* [Problem statement] Using the data that follows, give again word for word the lines between the one holding "2020 Vauxhall Combo" and the one holding "Fernando Rivarés, responsable", inclusive. Omit the pictures.

* [Data to examine]
- - - - - - -

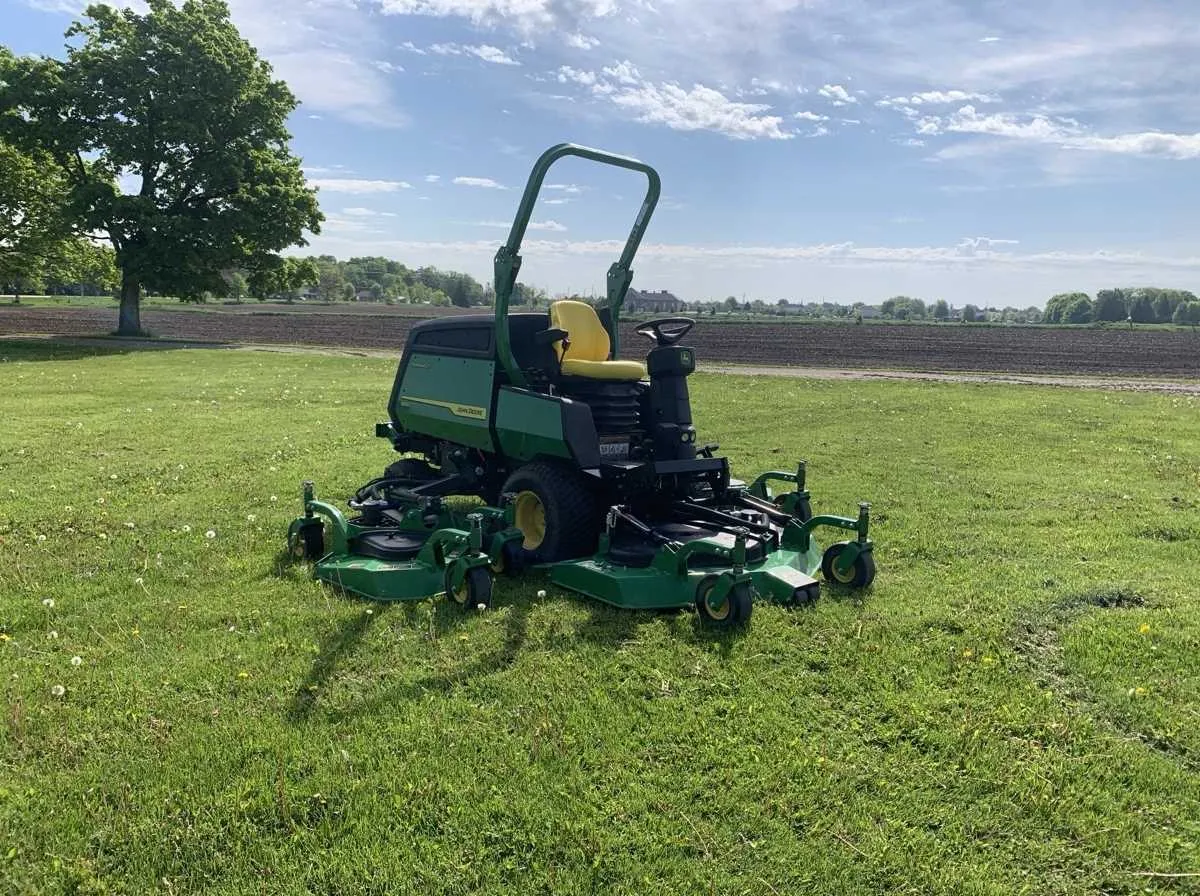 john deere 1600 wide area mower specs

- - - - - - -

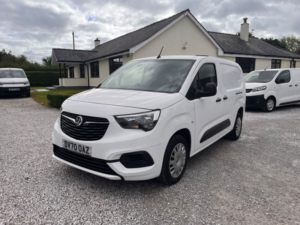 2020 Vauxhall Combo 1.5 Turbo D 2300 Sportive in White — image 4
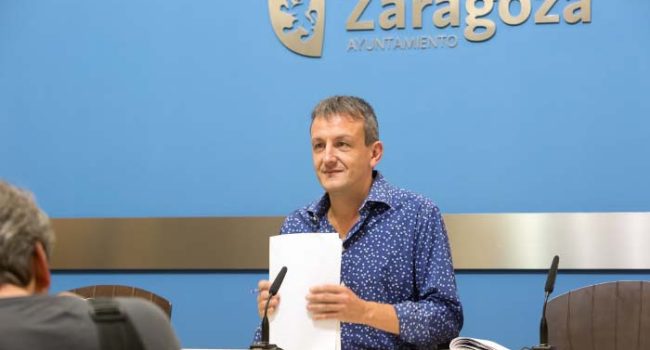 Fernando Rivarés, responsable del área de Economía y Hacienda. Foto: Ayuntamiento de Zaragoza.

- - - - - - -

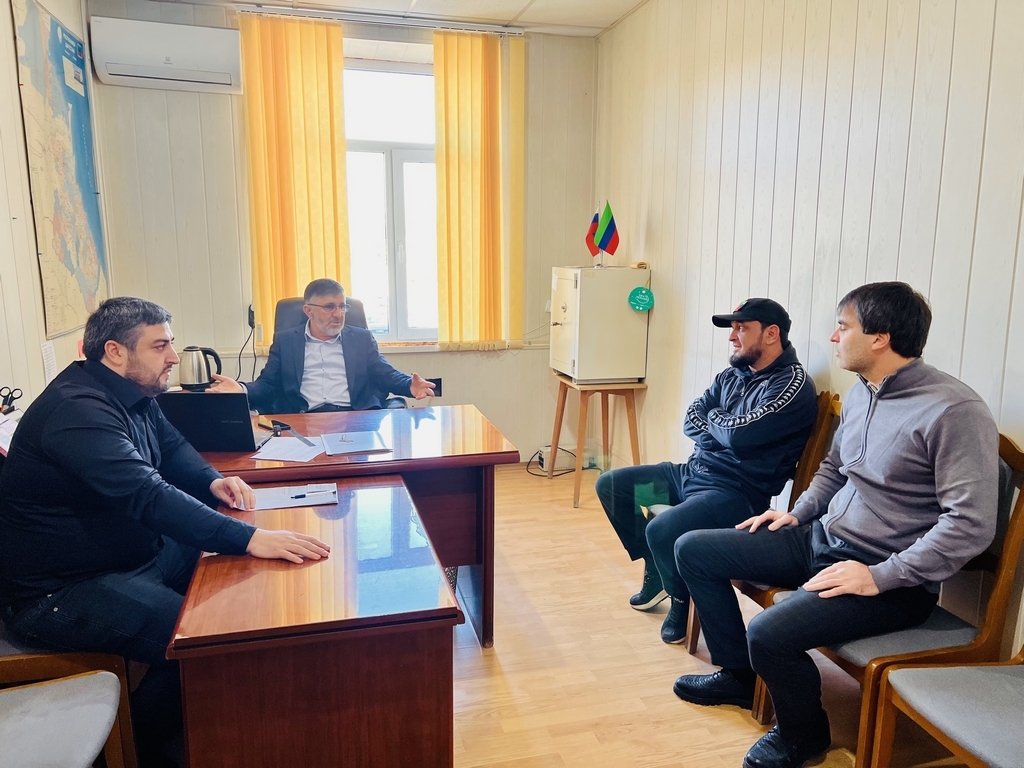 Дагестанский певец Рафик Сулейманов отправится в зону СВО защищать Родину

- - - - - - -

* [Solution below]
 2020 Vauxhall Combo 1.5 Turbo D 2300 Sportive in White — image 4
 Fernando Rivarés, responsable del área de Economía y Hacienda. Foto: Ayuntamiento de Zaragoza.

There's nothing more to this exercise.